» **Exercise description**
Without any pictures, copy the records below once more, exactly as they are.
◇ ◇ ◇ ◇ ◇
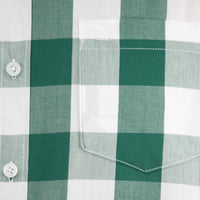 Camisa Cuadros Verde con Manga Corta 2410226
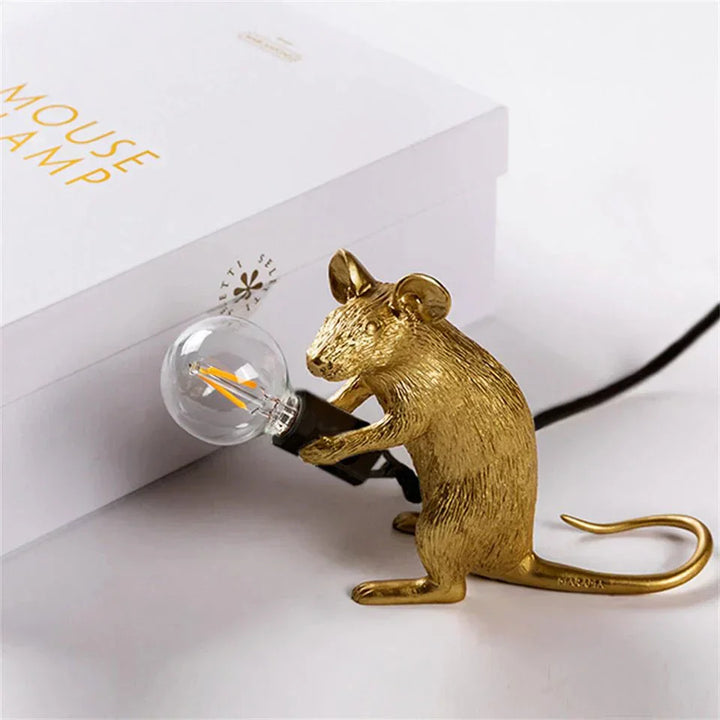 Royallure Art Deco Stil LED Maus Schreibtischlampe - Verspielt Schreibtischbeleuchtung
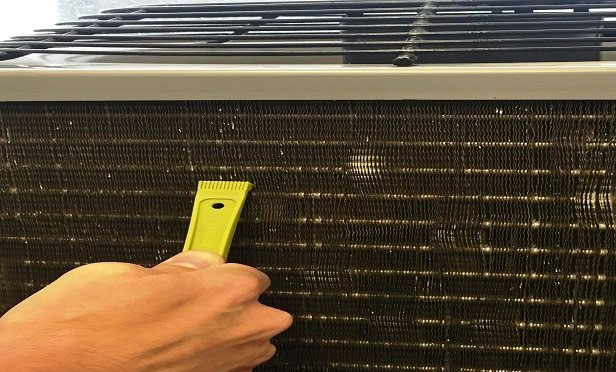 فینهای کویل را صاف کنید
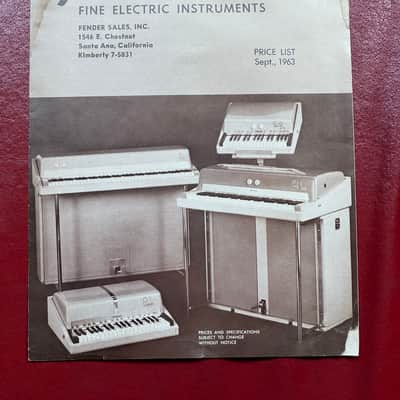 Fender Price List 1963 image 1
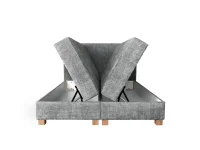 Континентальная кровать 160х200 LARGO 160 серый pilt 4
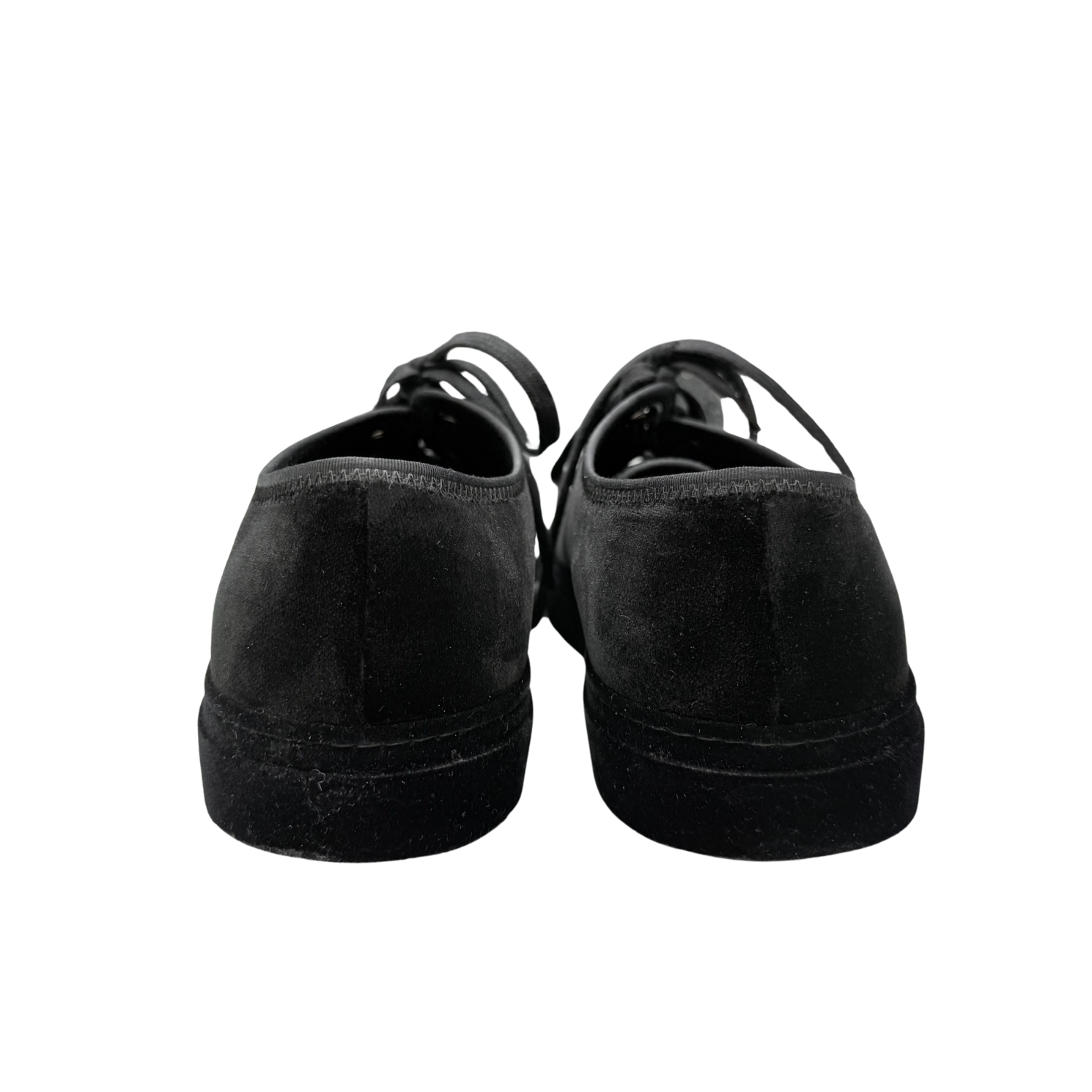 Chanel CC Lace Up Sneakers Black
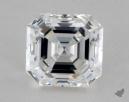 1.60 Carat F-VS1 Very Good Cut Asscher Diamond 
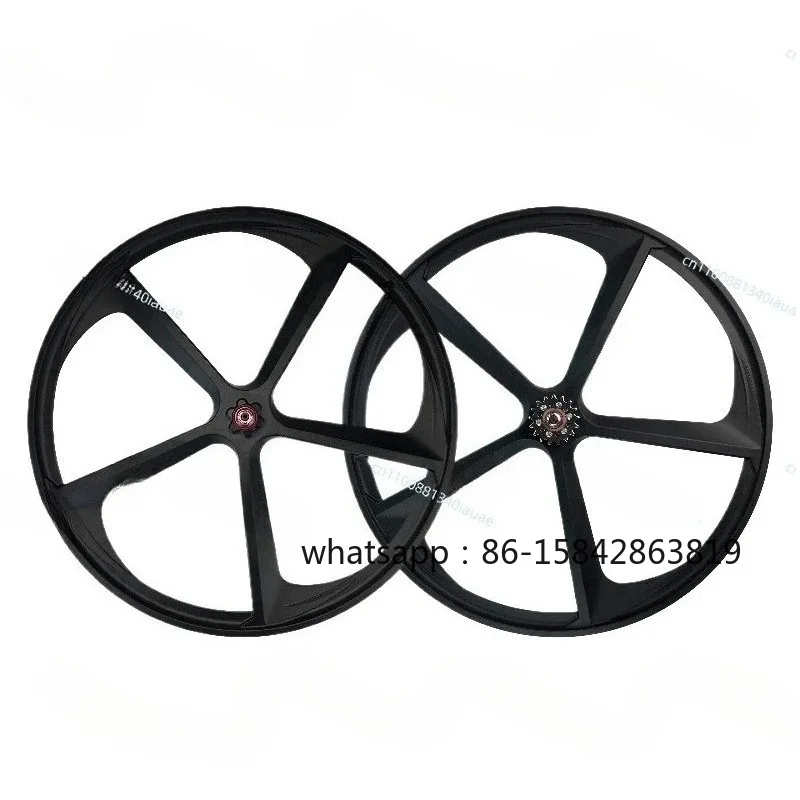 

Wheel Set Magnesium Alloy 700C Integrated Wheel Set Odd Lap Brake V Brake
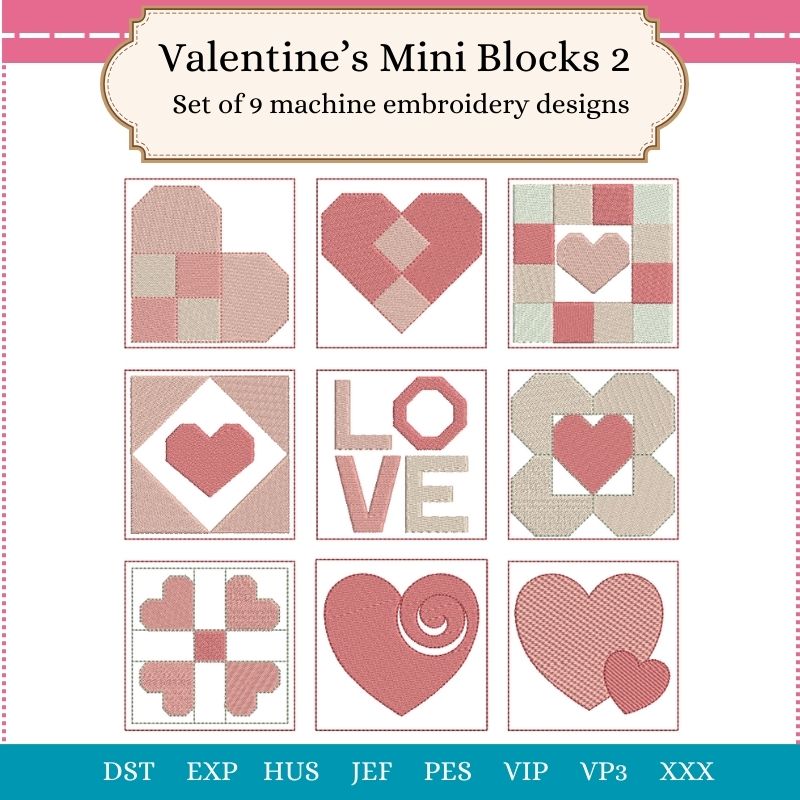 EW396 - Valentine's Mini Blocks 2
◇ ◇ ◇ ◇ ◇
» **Response box**
 Camisa Cuadros Verde con Manga Corta 2410226
 Royallure Art Deco Stil LED Maus Schreibtischlampe - Verspielt Schreibtischbeleuchtung
 فینهای کویل را صاف کنید
 Fender Price List 1963 image 1
 Континентальная кровать 160х200 LARGO 160 серый pilt 4
 Chanel CC Lace Up Sneakers Black
 1.60 Carat F-VS1 Very Good Cut Asscher Diamond 

Wheel Set Magnesium Alloy 700C Integrated Wheel Set Odd Lap Brake V Brake
 EW396 - Valentine's Mini Blocks 2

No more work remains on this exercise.